The latest show car offers a striking contrast to the more wagon-like Imagine-by-Kia concept that was unveiled at the Geneva Motor Show last winter.

 The Imagine by Kia concept debuted in Geneva last winter.

Like pretty much any new battery-electric vehicle, or BEV, the Futuron starts out with a skateboard-like platform which mounts batteries and motors under the floorboard. From a center-of-gravity standpoint that should help offset the rather significant amount of ground clearance the new concept vehicle features.

Kia is billing Futuron as “a sports car on an SUV platform,” though it just as easily could refer to the concept as a spaceship on wheels. It features a relatively aggressive, upright grille, its windshield is steeply raked and arcs into an aggressive, coupe-like roofline that peaks at just 1550 millimeters, or about 61 inches off the ground. Occupants would be able to see in virtually every direction but down, meanwhile, thanks to the addition of an all-glass roof.

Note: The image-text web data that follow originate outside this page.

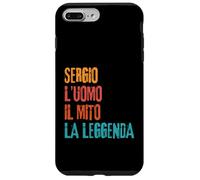 Sergio L'Uomo Il Mito La Leggenda Festa di Compleanno Coque pour iPhone 7 Plus/8 Plus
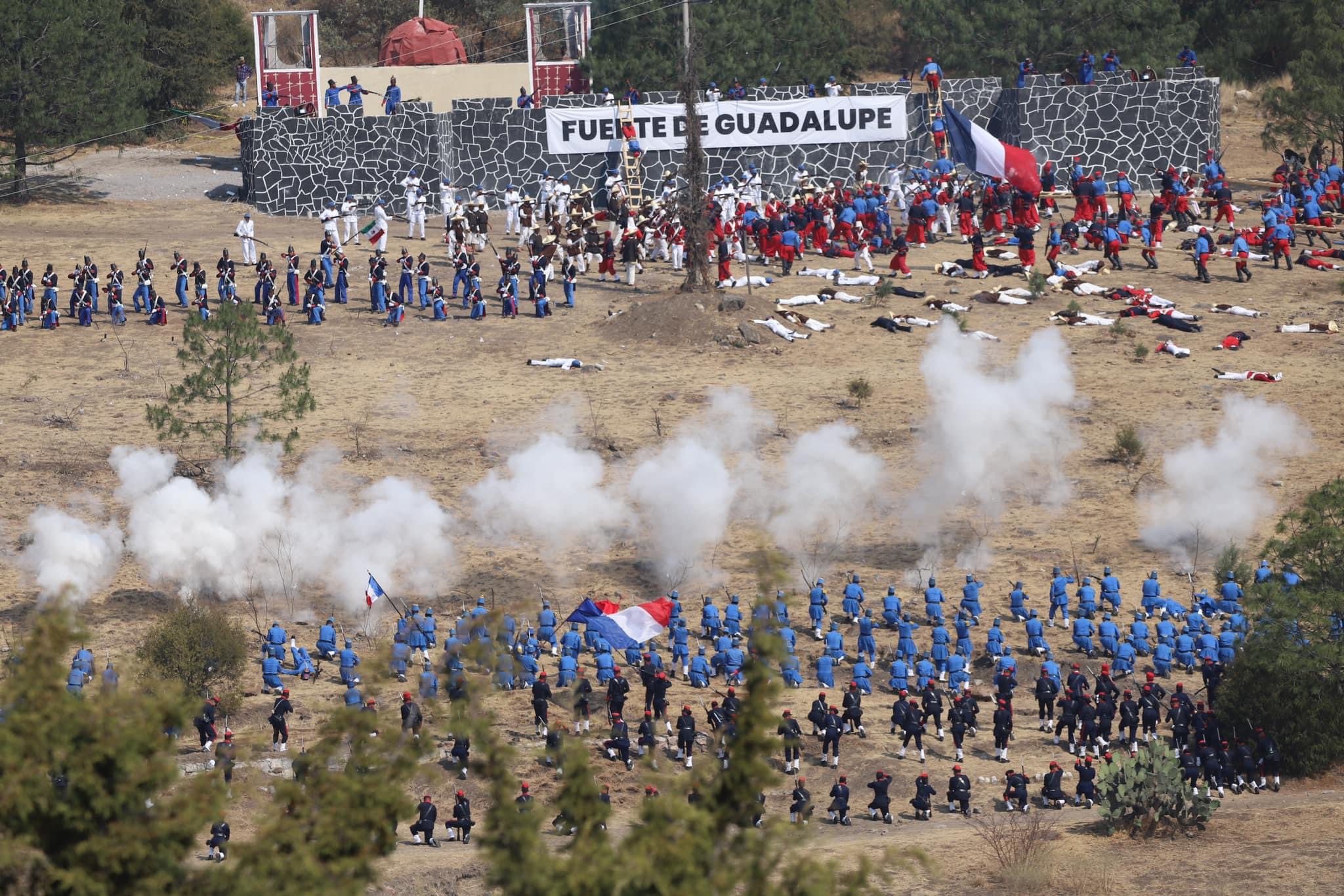 Realizan escenificación de la Batalla del 5 de Mayo de 1862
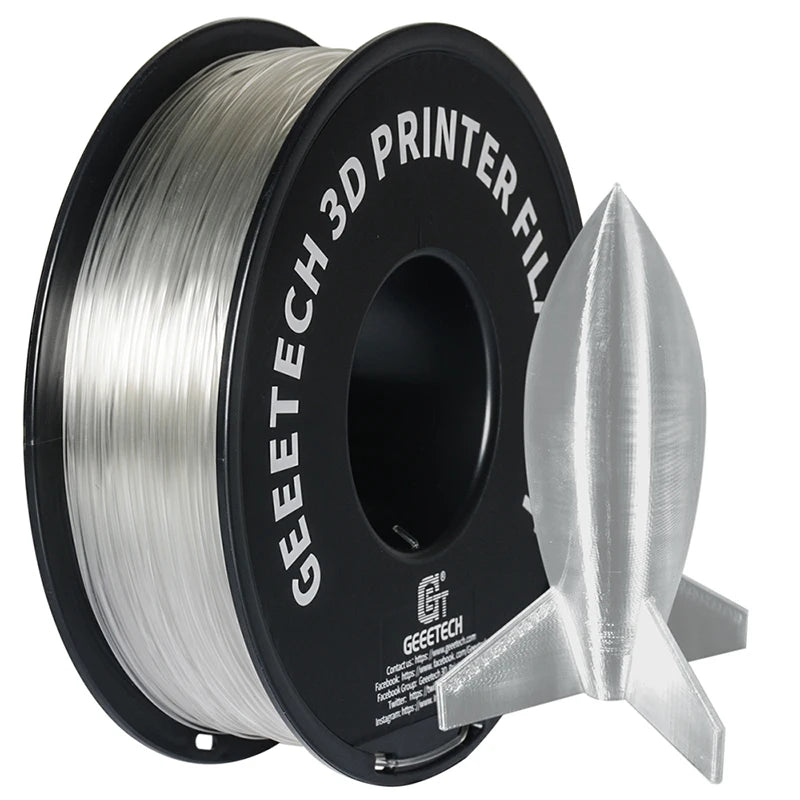 Geeetech Standard PLA Filament 1kg 1.75mm 3D Printer Plastic Material, Accuracy 0.03mm,Fit Most FDM Printer
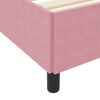 vidaXL Cadre de lit avec matelas Rose 180 x 200 cm tissu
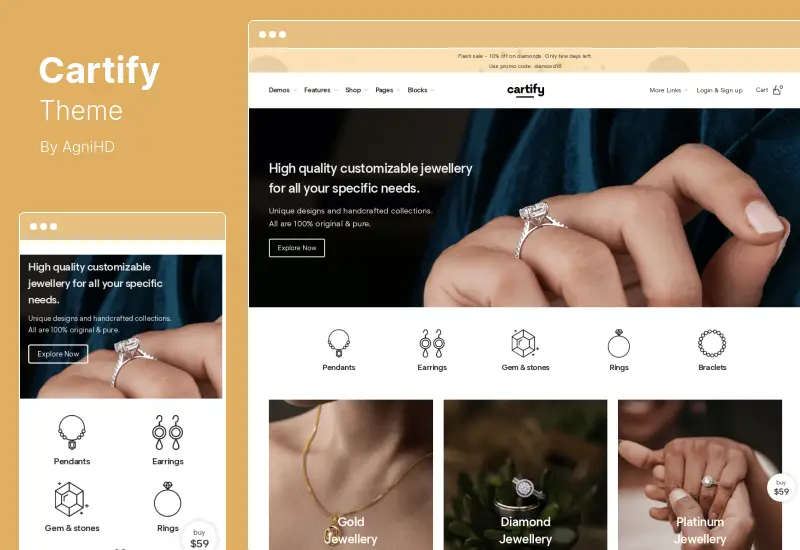 Tema Cartify - Tema WordPress WooCommerce Gutenberg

To add to its spaceship-like qualities, the concept’s broad take on the familiar Kia tiger nose grille lights up while driving. As for lighting, Futuron adopts what Kia calls, :an innovative ‘Star Cloud’ design which gives the car a dazzling new night-time identity. The concept’s Star Cloud lighting not only highlights a new design form for the front of the car, but also embodies a new lighting concept for Kia, taking inspiration from nebulae in the night sky to create a geometric patchwork of matrix LED lighting.”

(Click Here for a review of the latest-gen Kia K900 luxury sedan.)

The Kia Futuron uses a lithium-ion battery pack to power four individual motors.

The Futuron measures 4850 mm, or 190.9 inches, nose-to-tail — slotting pretty much dead center between the Audi e-tron and Jaguar I-Pace – with a 3,000 mm, or 118-inch wheelbase. Since there’s no engine up front, Kia’s product development team nabbed some of that space for the interior, meaning plenty of room for passengers front and back. In fact, the forward buckets can recline to a fully flat position providing a first-class airline seat level of comfort.

The ability to function more like a lounge than a typical passenger car cabin is aided by the Futuron’s Level 4 autonomous drive system – which relies on sensors built into that all-glass roof. That still-under-development technology would allow a vehicle to operate completely driverlessly, albeit in “geo-fenced” areas.

From a drivetrain perspective, Kia says Futuron will feature a high-capacity lithium-ion battery pack and, considering the size of the vehicle and current trends in battery development, one could readily imagine the car delivering at least 300 miles of range.

(Fisker dips its toes in the water with a first look at the new all-electric Ocean sport-sedan.)

A first-class cabin awaits Futuron occupants.

From the performance perspective, Kia suggests Futuron would live up to the promise of its design. While the automaker isn’t releasing specific details, it does note that the concept vehicle features four separate electric motors, one driving each wheel. That would permit an extremely flexible all-wheel-drive system, as well as electric torque vectoring, where outer wheels receive greater levels of power to enhance cornering capabilities.

How close to production are the Imagine and Futuron concepts? Certainly, there are some features, such as the cartoonishly large wheels, that wouldn’t make it to the assembly line. But a number of the design cues from the two are likely to carry over into showroom models, Kia suggests.

Kia isn’t the only automaker opting to push the design envelope with future BEVs. On Monday, Infiniti confirmed it is preparing to roll out three edgy electric vehicles based on its recent Q, Qs and QX Inspiration concepts.